§ **About this exercise**
Pictures excluded, reproduce exactly the lines below from the one with "clownfish with anemone ; comments:26" through the one with "Hot Honey Chicken Sandwich", both included.

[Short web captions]
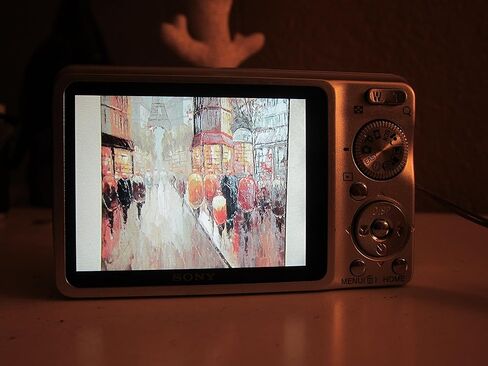 كاميرا سوني سايبر شوت DSC-W220 الرقمية بدقة 12.1 ميجابكسل مع تكبير بصري 4x مع تثبيت صورة ثابت للغاية (فضي) in Kuwait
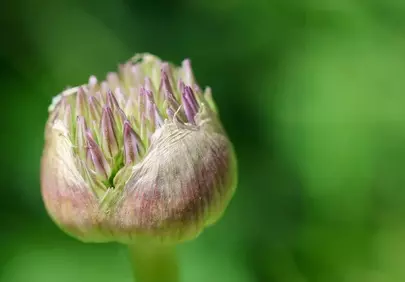 Vibrant Macro Shot: Budding Allium in Nature's Embrace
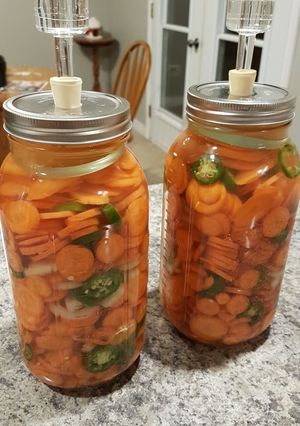 A picture of Fermented Carrots.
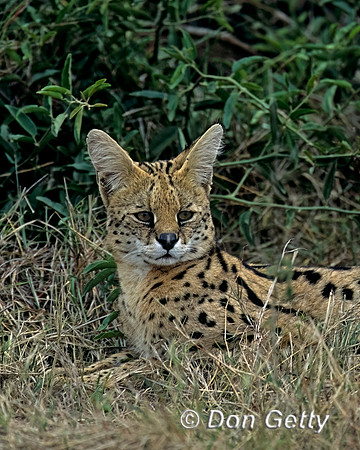 Serval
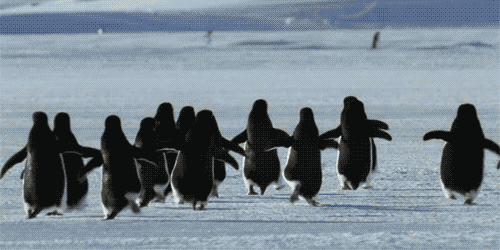 gifs mercredi pingouin 10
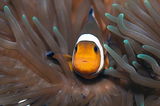 clownfish with anemone ; comments:26
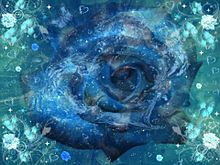 Blue roseの画像(青い薔薇に関連した画像)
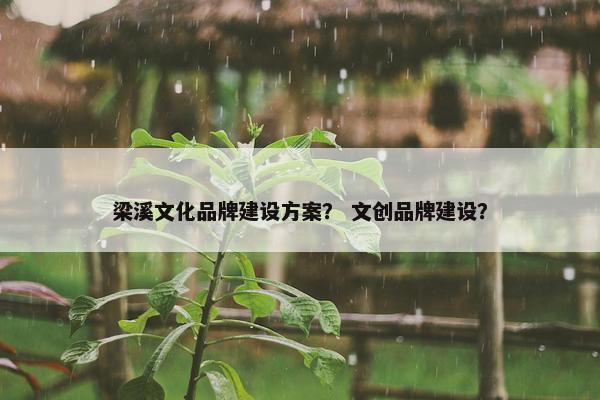 梁溪文化品牌建设方案？ 文创品牌建设？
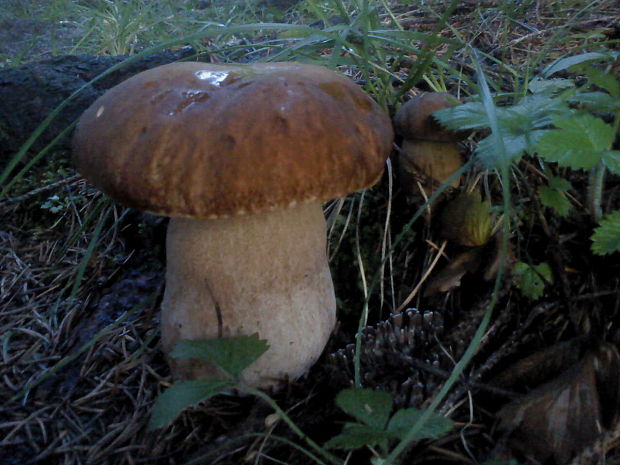 hríb smrekový Boletus edulis Bull.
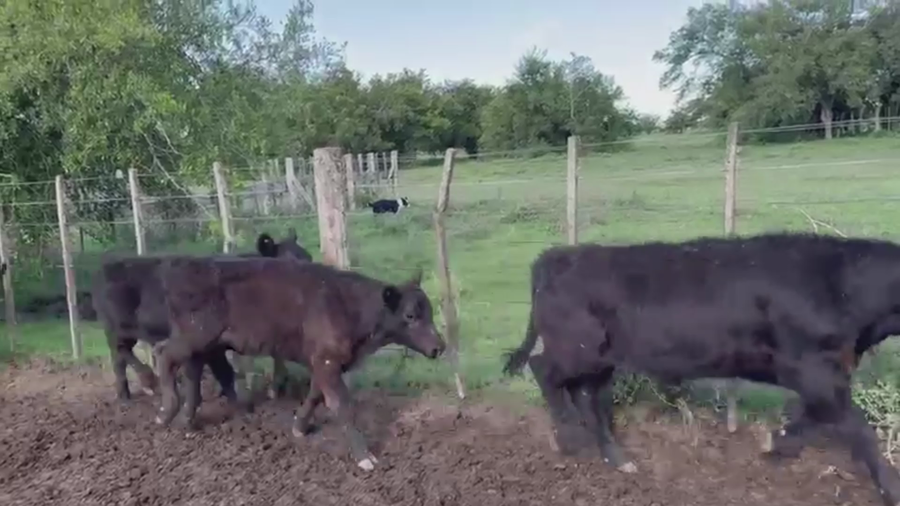 Lote 65 TERNS. MACHOS, MAGDALENA, BS. AS.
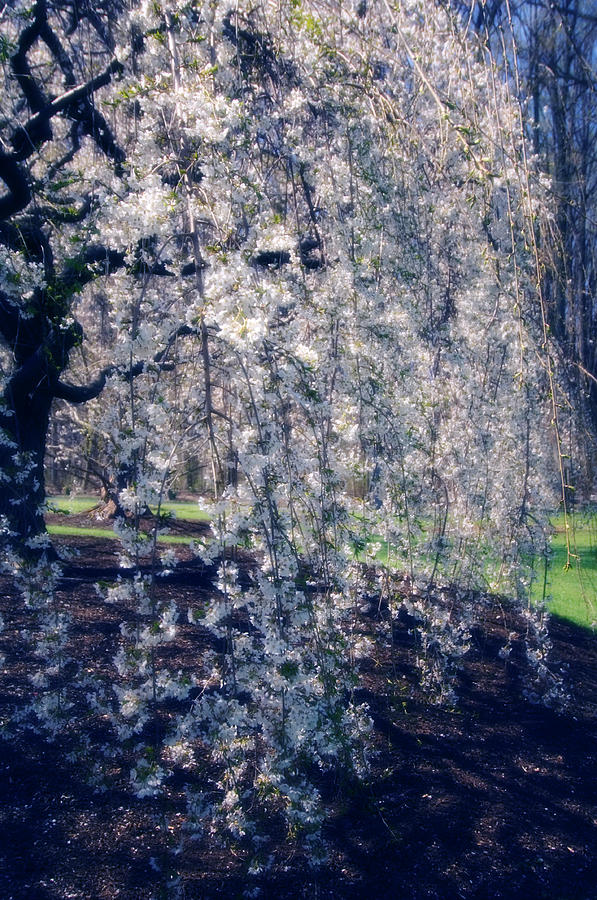 Prunus Subhirtella pendula #1 Photograph by Science Photo Library Prunus Subhirtella pendula #1 Photograph by Science Photo Library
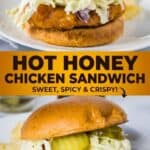 Hot Honey Chicken Sandwich
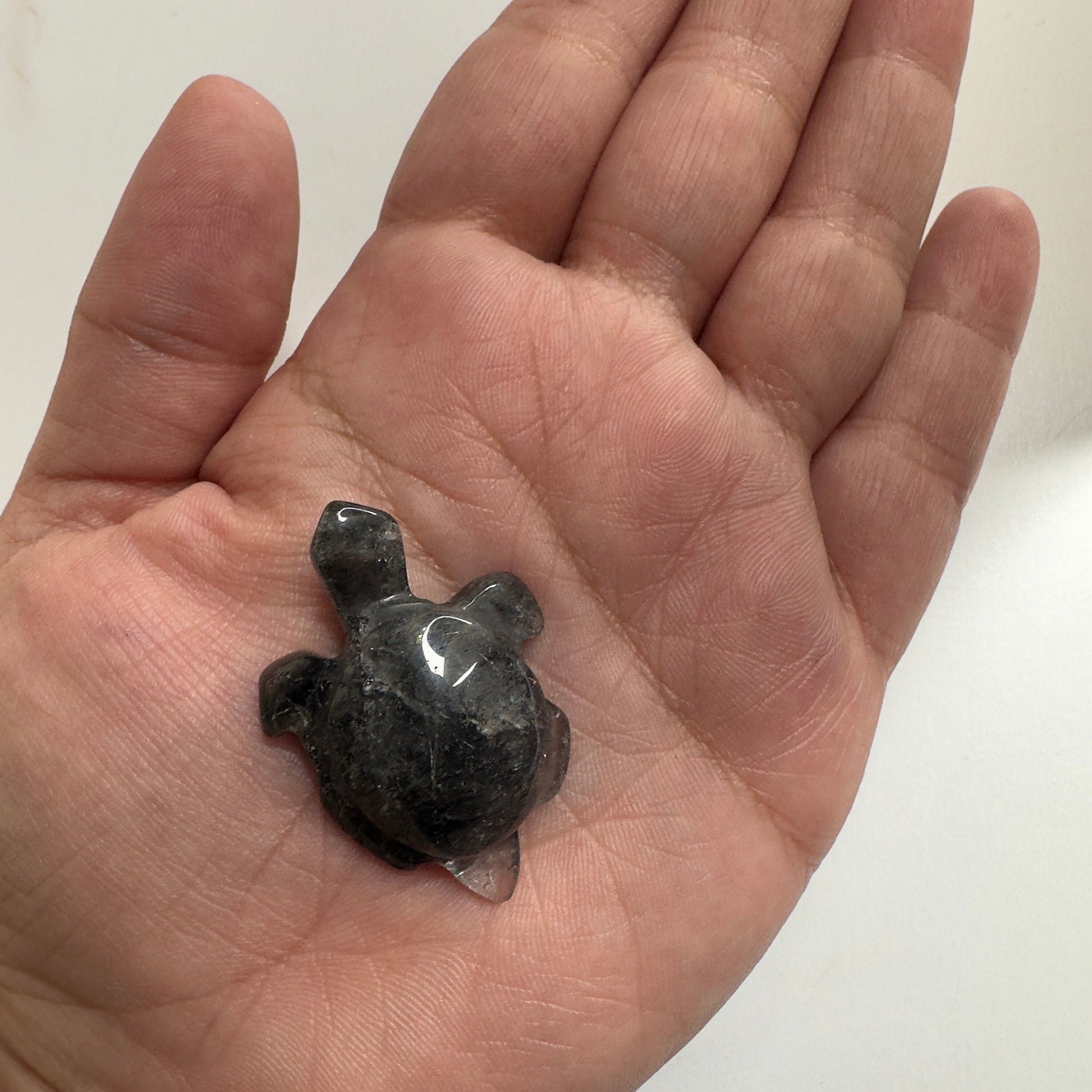 Gorgeous Blue Tara Quartz Turtle Carving Amphibole Animal From Brazil | Tucson Gem Show Exclusive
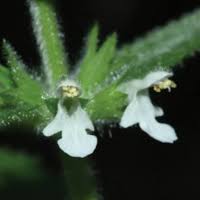 Image result for Stachys aculeolata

§ **Task response**
 clownfish with anemone ; comments:26
 Blue roseの画像(青い薔薇に関連した画像)
 梁溪文化品牌建设方案？ 文创品牌建设？
 hríb smrekový Boletus edulis Bull.
 Lote 65 TERNS. MACHOS, MAGDALENA, BS. AS.
 Prunus Subhirtella pendula #1 Photograph by Science Photo Library Prunus Subhirtella pendula #1 Photograph by Science Photo Library
 Hot Honey Chicken Sandwich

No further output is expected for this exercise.